Effects of a subadiabatic layer on convection and dynamos in spherical wedge simulations

TL;DR

This study investigates how a subadiabatic layer beneath the convection zone influences convection patterns and dynamo behavior in spherical wedge simulations, revealing significant effects on heat transport and magnetic field generation.

Contribution

It introduces a dynamic heat conduction model based on Kramers opacity law, showing how a stable layer affects convection anisotropy and dynamo properties in spherical simulations.

Findings

Convective heat transport is concentrated at equator and poles without a stable layer.

A stable layer reduces radial enthalpy transport anisotropy.

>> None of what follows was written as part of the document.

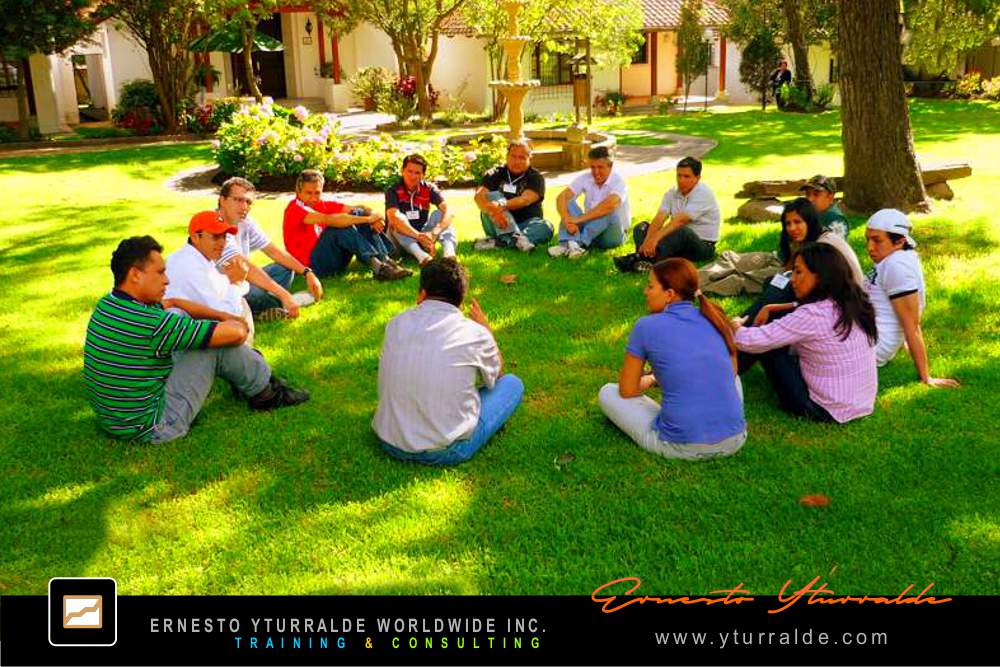Talleres Lúdicos | Team Building LATAM Talleres de Cuerdas Bajas | Team Building Empresarial para el desarrollo de equipos de trabajo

Dynamo solutions are sensitive to convection zone structure, with helicity changing sign at high latitudes.

Abstract

We consider the effect of a subadiabatic layer at the base of the convection zone on convection itself and the associated large-scale dynamos in spherical wedge geometry. We use a heat conduction prescription based on the Kramers opacity law which allows the depth of the convection zone to dynamically adapt to changes in the physical characteristics such as rotation rate and magnetic fields. We find that the convective heat transport is strongly concentrated toward the equatorial and polar regions in the cases without a substantial radiative layer below the convection zone. The presence of a stable layer below the convection zone significantly reduces the anisotropy of radial enthalpy transport. Furthermore, the dynamo solutions are sensitive to subtle changes in the convection zone structure. We find that the kinetic helicity changes sign in the deeper parts of the convection zone at high latitudes in all runs. This region expands progressively toward the equator in runs with a thicker stably stratified layer.